Всю свою дальнейшую жизнь я был благодарен отцу за то, что он так хорошо меня понял. Матери мой шаг не понравился, но она уже знала, что, если я что-то решил, лучше мне не противоречить.

В каком-то смысле мы стали с ней ближе. Однажды я приехал домой и услышал, что она играет на фортепиано блюз. Я до этого даже представить себе не мог, что она может хорошо играть такие вещи.
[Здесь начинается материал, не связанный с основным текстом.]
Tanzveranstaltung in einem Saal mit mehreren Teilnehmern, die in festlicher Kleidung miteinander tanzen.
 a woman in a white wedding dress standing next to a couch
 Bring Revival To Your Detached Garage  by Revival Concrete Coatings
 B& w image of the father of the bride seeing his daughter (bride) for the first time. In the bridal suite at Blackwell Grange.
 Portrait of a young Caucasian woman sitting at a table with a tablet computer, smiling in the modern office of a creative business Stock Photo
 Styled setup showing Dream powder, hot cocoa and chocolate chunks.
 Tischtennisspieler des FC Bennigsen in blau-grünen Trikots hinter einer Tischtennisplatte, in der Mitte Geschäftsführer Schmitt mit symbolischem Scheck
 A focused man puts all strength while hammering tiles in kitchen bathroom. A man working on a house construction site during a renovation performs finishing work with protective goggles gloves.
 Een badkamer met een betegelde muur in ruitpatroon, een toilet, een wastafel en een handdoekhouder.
В тот раз, когда я приехал на Рождество из Джульярдской школы и она играла блюз, я сказал ей, что мне нравится, как она играет, и что я не знал, что она может играть на фортепиано в такой манере. Она улыбнулась и сказала: «Знаешь, Майлс, ты ведь очень многого обо мне не знаешь». Мы рассмеялись и в первый раз в жизни поняли, что это была чистейшая правда.

Моя мать была красивой женщиной, я имею в виду физически, но с возрастом она начала расти и духовно. У нее сложилось правильное отношение к жизни. Это было написано на ее лице. И мне досталась от нее эта черта. С возрастом ее характер смягчился, и мы стали ближе друг к другу. Правда, хоть я и был одержим музыкой, родители так ни разу и не сподобились пойти в ночной клуб послушать меня.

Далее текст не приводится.